**** Input material ****
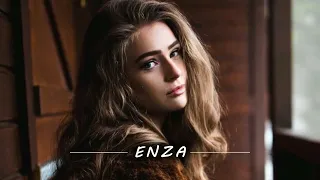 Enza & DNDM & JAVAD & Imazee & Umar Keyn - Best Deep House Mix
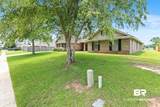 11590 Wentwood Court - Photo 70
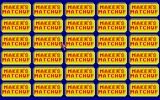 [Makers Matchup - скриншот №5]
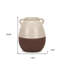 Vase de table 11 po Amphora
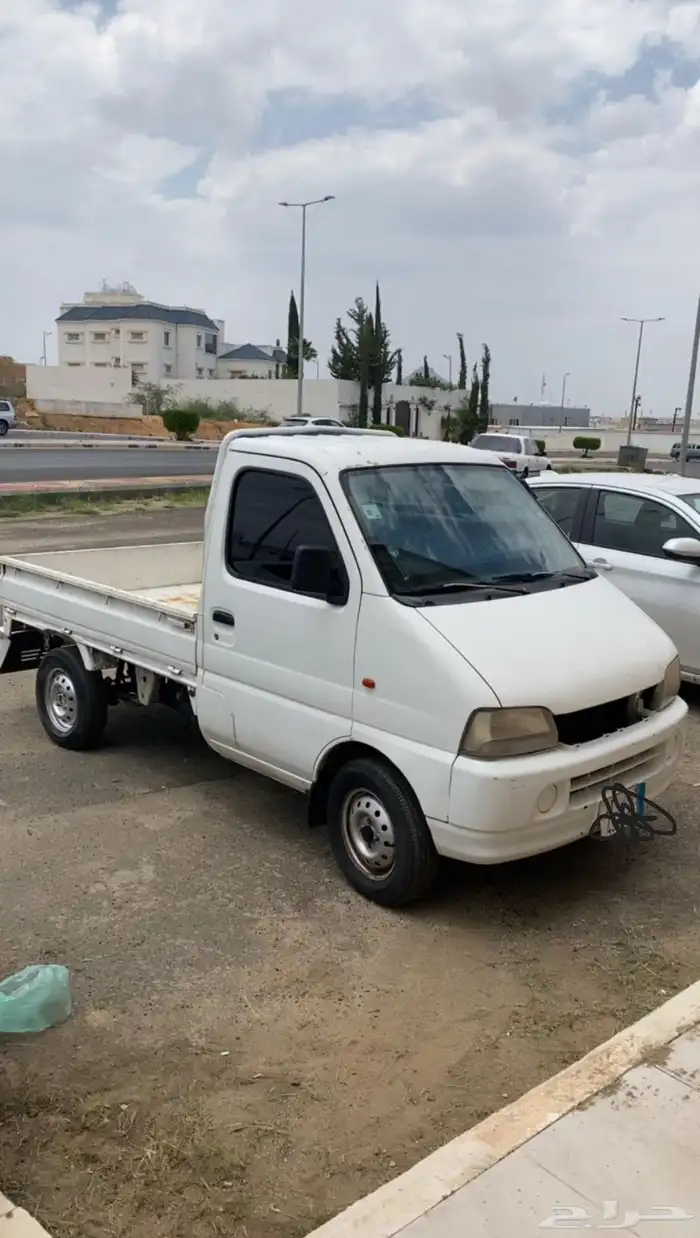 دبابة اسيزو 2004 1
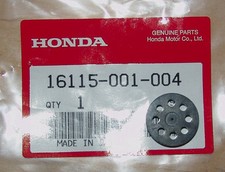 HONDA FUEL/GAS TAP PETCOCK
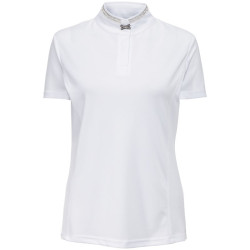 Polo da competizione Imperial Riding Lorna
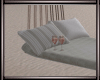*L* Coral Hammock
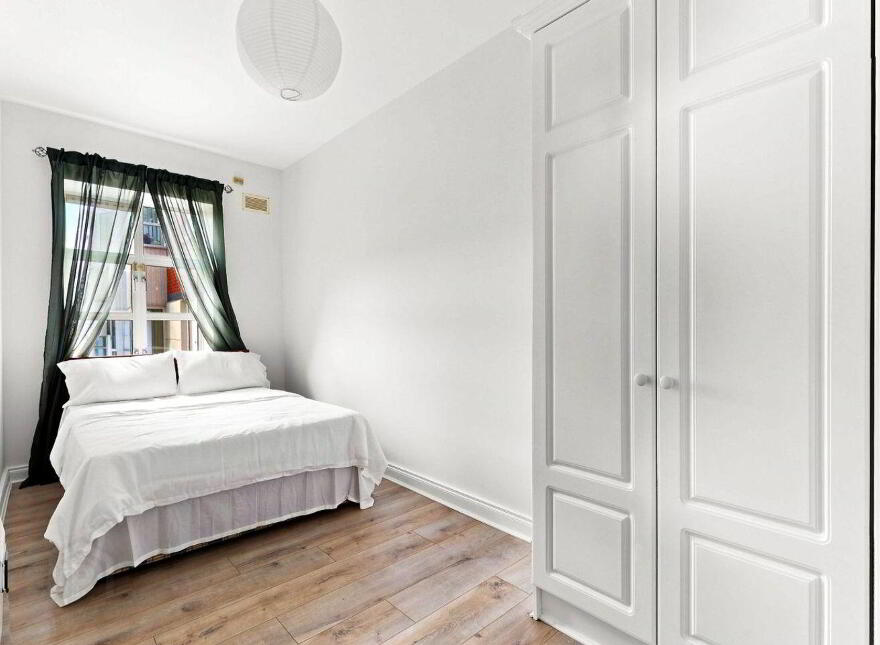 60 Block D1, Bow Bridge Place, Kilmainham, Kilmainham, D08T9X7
****
■ The task ■
Pictures should be skipped, and the records retyped word for word.

■ Result of this exercise ■
 Enza & DNDM & JAVAD & Imazee & Umar Keyn - Best Deep House Mix
 11590 Wentwood Court - Photo 70
 [Makers Matchup - скриншот №5]
 Vase de table 11 po Amphora
 دبابة اسيزو 2004 1
 HONDA FUEL/GAS TAP PETCOCK
 Polo da competizione Imperial Riding Lorna
*L* Coral Hammock
 60 Block D1, Bow Bridge Place, Kilmainham, Kilmainham, D08T9X7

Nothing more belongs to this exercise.